Slopeside Pub & Grill is located at Blue Mountain Resort in Carbon County.

Elk Burger

8 oz. ground elk burger
2 oz. apple butter
2 oz. cider braised onions
1 leaf lettuce
2 slices of tomato
1 onion poppy seed bun

Using a char grill, cook the burger for 4 minutes on each side over a medium high heat. Once cooked, assemble burger and enjoy.


Pork Belly Tacos

1/2 lb. raw pork belly
2 sprigs of thyme
1 oz. spicy brown mustard
Grated Swiss cheese
2 oz. fried pickles
2 oz. field greens
2 flour tortillas

Place the pork belly and thyme in a food storage bag and cook via Sous Vide for 24 hours at 155 degrees. Once cooked, chill in an ice bath.

Dice the pork belly and dry on a paper towel.

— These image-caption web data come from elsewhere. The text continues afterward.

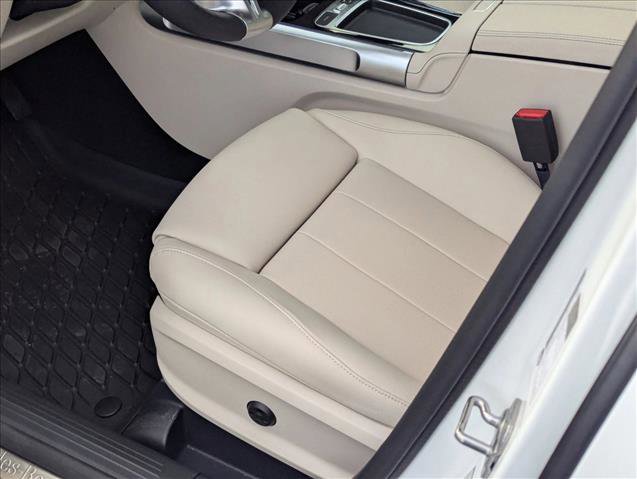 New 2026 Mercedes-Benz GLB 250 GLB 250 image 4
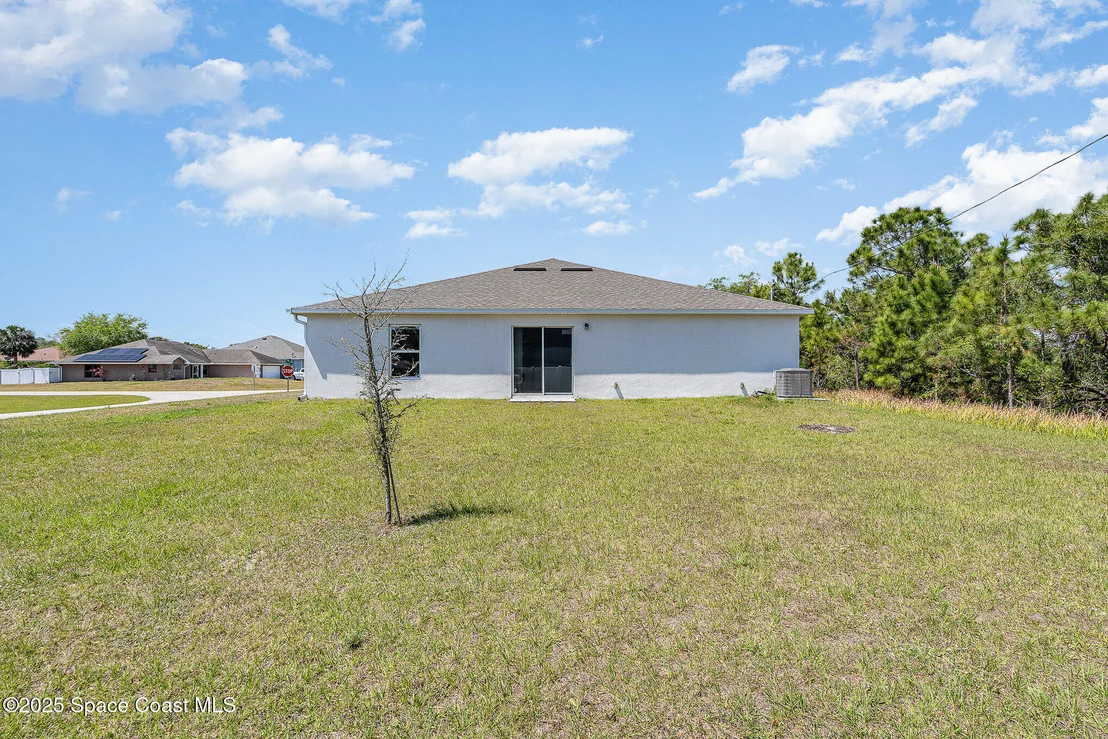 Photo of 2359 Fallkirk Avenue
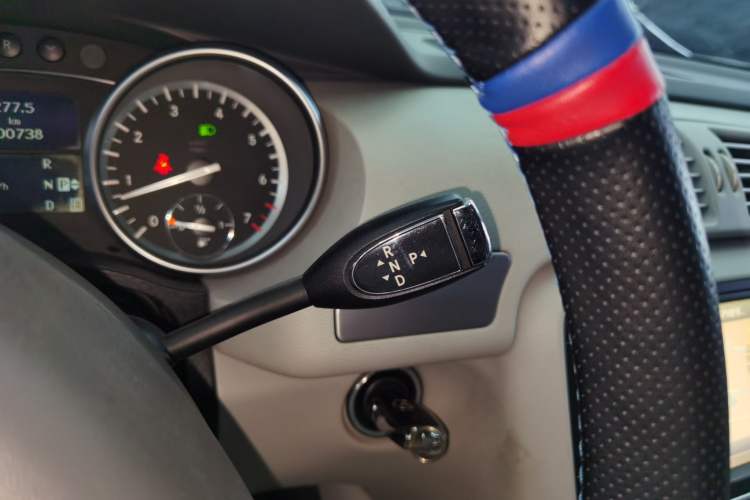 Used Mercedes-Benz R-Class 2015 R 320 4MATIC Luxury Model Gear Lever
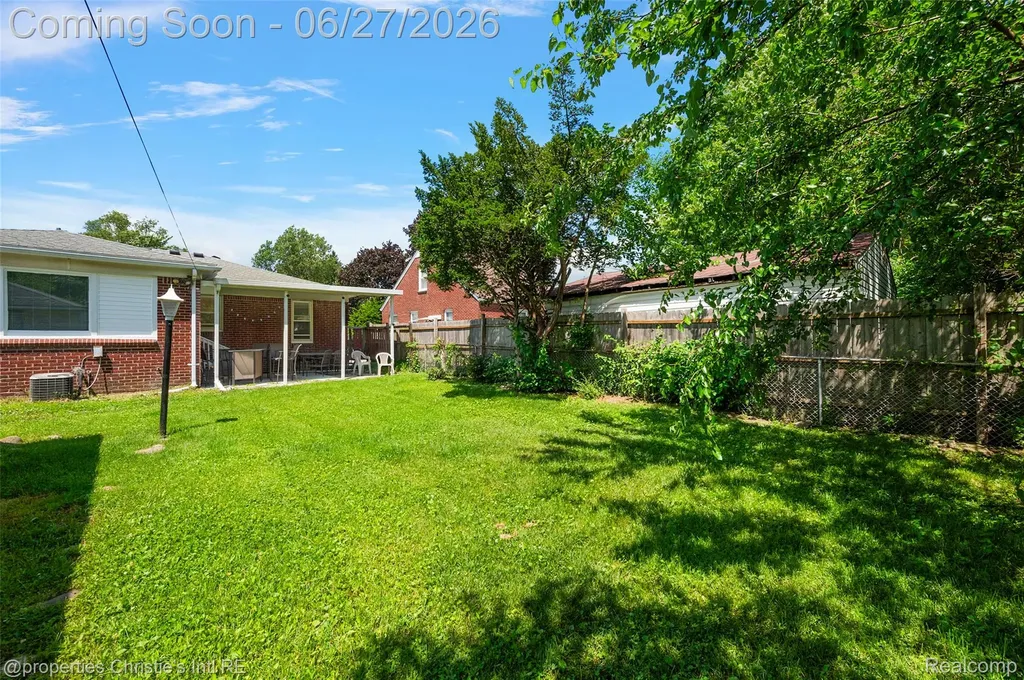 15654 Juliana Avenue Eastpointe City MI 48021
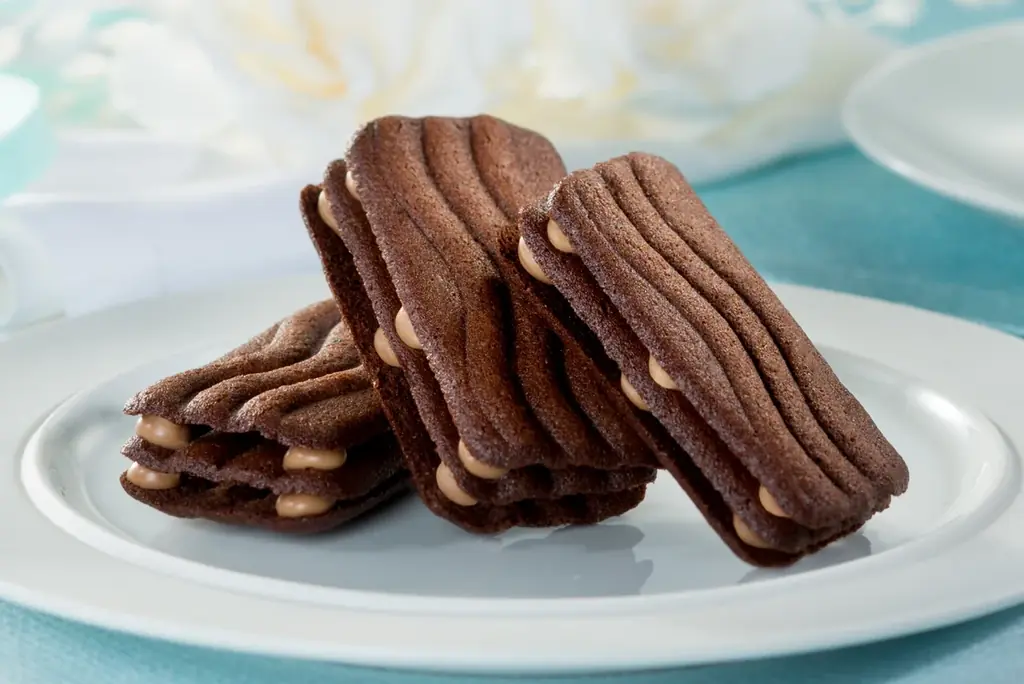 【JR東京駅に期間限定出店！】「東京ショコラファクトリー」と「東京カンパネラ」がJR東京駅に登場！甘酸っぱい苺×チョコレートの最新作「バウムスティック」や季節限定商品を販売いたします。 画像 4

Deep fry pieces of pork belly until crispy and brown. Season with salt and pepper. Assemble tacos and enjoy.


S’mores Skillet

2 cups graham cracker crumbs
1/2 cup flour
2 tsp. baking powder
1/4 tsp. salt
1 cup butter, softened
1 cup brown sugar
3 egg yolks
2 tsp. vanilla extract
1 cup milk
3 egg whites
1/4 cup sugar

Mix graham cracker crumbs, flour, baking powder and salt in a bowl and set aside. Combine butter and brown sugar in a mixer and cream together. One at a time add egg yolks then add vanilla.

Add milk and graham cracker crumb mixture while mixing on a low speed. Whip the egg whites to stiff peaks with the sugar. Fold egg whites into the remaining batter.

Grease a 6-inch skillet with butter and bake in a 350-degree oven for approximately 10 minutes.  Once baked, top with chocolate chips and mini marshmallows. Return to the oven under the broiler on the lowest setting and allow the marshmallow to toast, not burn. Top with chocolate syrup and graham cracker crumbs.